Valyruh’s #CBR5 Review #92: The White Tiger by Aravind Adiga

A brutally funny debut novel about India in which an impoverished but ambitious young man from a small rural village determines to rise in a society splintered by economic and social inequality, no matter the cost. The book is written in the form of an ongoing letter—composed over the course of seven days—in which our young man looks back at how he became an Indian “entrepreneur,” and addresses his letter to the Chinese premier who is about to visit India for an official introduction to Indian entrepreneurship. Don’t listen to the government, says Halwai, listen to me if you want your people to learn how to make it as entrepreneurs.

And thus we learn how Halwai goes from the kowtowing and much-abused cleanup “spider” in an Indian teashop, to bicycling delivery boy, to chauffeur for a wealthy Indian family, to murderer and fugitive, and finally, to owner of a growing taxi service. Halwai starts out smart and witty, and along the way, he discovers that a moral code is useless in a society which runs on bribery and corruption.  He pokes fun at religion (“I should start off by kissing some god’s arse. But which…? There are so many choices. The Muslims have one god. The Christians have three gods. And we Hindus have 36,000,000 gods. Making a grand total of 36,000,004 divine arses  to choose from”) and at India’s grand claims of independence (“India has never been free. First the Muslims, then the British bossed us around. In 1947, the British left, but only a moron would think that we became free then.”)

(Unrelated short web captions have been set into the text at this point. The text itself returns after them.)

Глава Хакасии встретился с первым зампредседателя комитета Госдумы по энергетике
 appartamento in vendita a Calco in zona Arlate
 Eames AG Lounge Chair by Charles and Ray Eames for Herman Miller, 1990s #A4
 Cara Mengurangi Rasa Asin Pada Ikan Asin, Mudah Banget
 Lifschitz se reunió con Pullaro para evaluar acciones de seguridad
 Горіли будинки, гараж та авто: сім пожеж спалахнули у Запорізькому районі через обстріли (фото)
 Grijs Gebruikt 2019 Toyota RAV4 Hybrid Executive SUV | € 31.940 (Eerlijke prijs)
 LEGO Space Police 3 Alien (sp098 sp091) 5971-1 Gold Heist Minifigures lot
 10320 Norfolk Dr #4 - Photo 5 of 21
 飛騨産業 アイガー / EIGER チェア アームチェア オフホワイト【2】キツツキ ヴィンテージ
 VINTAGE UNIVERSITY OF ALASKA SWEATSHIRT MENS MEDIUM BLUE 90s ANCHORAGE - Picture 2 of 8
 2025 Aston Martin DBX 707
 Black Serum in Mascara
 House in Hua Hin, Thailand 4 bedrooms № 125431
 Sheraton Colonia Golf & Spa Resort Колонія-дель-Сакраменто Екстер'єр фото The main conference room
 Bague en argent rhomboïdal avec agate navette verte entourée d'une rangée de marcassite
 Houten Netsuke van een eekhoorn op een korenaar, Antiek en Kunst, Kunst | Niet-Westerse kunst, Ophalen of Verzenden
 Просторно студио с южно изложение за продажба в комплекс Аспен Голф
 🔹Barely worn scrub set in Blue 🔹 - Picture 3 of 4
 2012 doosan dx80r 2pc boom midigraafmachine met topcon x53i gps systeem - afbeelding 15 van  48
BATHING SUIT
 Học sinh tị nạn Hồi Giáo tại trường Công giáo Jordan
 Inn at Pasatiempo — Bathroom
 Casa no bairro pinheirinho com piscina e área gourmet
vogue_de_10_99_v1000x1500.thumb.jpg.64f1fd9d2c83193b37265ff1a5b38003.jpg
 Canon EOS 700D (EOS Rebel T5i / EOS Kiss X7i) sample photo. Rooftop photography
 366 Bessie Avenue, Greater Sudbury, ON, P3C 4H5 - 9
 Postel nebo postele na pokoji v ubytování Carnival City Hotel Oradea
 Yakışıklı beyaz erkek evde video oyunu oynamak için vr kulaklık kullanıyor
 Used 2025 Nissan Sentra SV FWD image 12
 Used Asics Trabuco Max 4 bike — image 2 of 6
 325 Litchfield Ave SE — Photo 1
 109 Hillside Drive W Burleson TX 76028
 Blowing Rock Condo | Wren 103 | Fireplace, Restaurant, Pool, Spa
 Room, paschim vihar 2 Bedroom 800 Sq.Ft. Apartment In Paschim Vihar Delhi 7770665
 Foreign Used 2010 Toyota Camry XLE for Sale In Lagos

Particularly revealing is Halwai’s “rooster coop” philosophy on life. He says India’s poor are like roosters crammed into a coop so tightly that all their effort is focused on breathing and getting enough food to survive, and not on escaping the coop. Or, as he puts it in the starkest socio-political terms: “Never before in human history have so few owed so much to so many…. A handful of men in this country have trained the remaining 99.9 percent—as strong, as talented, as intelligent in every way—to exist in perpetual servitude; a servitude so strong that you can put the key of his emancipation in a man’s hands and he will throw it back at you with a curse.” A rather dire view of life in India, but one that Halwai is determined to break with, and so he does, but at what cost?

An excellent and very provocative book, which not only gives us a painfully penetrating view of the gross hypocrisy of the wealthy elites in India (and, by implication, elsewhere), but also raises the bigger question of how to define morality. Is it an abstract concept, or is it one defined by context?  A good subject for the next book club discussion, to be sure.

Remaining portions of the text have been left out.